We had two small cherry trees along our very short driveway. The blossoms looked beautiful in the spring but the trees were ugly the rest of the year. They were pruned very oddly and were starting to die off. The one closer to the house had a crazy root structure with a number of very large roots partially above the surface. It was time for them to go before they died more and started dropping branches.

Logan was kind enough to help me out with the whole process. We made quick work of them with a chainsaw and manual branch cutters. As we cut them up, I was amazed at how many of the branches were totally dead. Taking it down was a good decision. We each took a load of the branches to Pacific Topsoil and we were done with that part.

Then there were the stumps. Oh yeah. When I was planning this project, I figured we would just dig them out and maybe use the truck to help pull them out. A little digging revealed that would be a huge project and i was also nervous about the water, gas, communication and irrigation lines that run up that strip of property.

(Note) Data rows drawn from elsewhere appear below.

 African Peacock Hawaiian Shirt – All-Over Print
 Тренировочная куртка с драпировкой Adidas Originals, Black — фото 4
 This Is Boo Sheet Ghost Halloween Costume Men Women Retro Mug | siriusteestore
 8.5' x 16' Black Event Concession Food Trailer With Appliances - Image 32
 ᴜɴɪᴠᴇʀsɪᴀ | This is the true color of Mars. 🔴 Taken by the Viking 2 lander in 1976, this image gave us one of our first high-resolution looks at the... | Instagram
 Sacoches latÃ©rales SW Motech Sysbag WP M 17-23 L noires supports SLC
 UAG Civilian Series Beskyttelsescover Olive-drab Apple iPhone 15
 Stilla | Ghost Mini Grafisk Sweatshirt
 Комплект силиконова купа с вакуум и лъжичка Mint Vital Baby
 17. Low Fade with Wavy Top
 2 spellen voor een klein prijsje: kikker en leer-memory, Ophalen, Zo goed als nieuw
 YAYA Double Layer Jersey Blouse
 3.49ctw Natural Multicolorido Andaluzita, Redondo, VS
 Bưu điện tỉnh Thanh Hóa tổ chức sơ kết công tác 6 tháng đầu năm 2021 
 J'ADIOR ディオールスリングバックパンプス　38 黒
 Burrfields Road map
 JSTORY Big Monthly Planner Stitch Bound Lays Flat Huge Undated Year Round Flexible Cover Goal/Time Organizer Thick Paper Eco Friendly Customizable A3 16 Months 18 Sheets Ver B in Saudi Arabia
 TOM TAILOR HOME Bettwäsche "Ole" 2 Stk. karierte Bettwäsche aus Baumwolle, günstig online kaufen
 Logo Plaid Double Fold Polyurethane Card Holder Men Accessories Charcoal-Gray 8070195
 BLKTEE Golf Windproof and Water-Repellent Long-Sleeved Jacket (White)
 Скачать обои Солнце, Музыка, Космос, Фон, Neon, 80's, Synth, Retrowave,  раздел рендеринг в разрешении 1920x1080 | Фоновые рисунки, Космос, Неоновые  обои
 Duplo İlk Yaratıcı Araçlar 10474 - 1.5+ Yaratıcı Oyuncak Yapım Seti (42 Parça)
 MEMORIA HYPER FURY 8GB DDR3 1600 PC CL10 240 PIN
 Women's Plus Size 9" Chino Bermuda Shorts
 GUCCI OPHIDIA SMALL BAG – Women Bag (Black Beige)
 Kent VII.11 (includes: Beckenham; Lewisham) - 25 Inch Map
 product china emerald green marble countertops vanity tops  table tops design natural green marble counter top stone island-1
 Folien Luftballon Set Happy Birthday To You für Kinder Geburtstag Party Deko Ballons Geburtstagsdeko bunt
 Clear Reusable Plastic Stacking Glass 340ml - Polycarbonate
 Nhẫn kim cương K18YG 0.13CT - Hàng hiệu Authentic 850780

Brute force didn’t seem like a good approach so we rented a stump grinder instead.

The first stump was very quick but the second one took us about two and a half hours because of the big network of large roots near the surface. We made a mountain of wood chips but we got it all done. Now I just have to feed those chips into my yard waste bin over the next week or two if I can’t find a use for them.

This fall we will be planting at least one new tree in that spot and then next spring I think we’ll make some planter boxes to start a small garden. It will be tiny compared to our neighbors beautiful garden, but it will still be delicious.

Logan, thanks for helping so much with this project!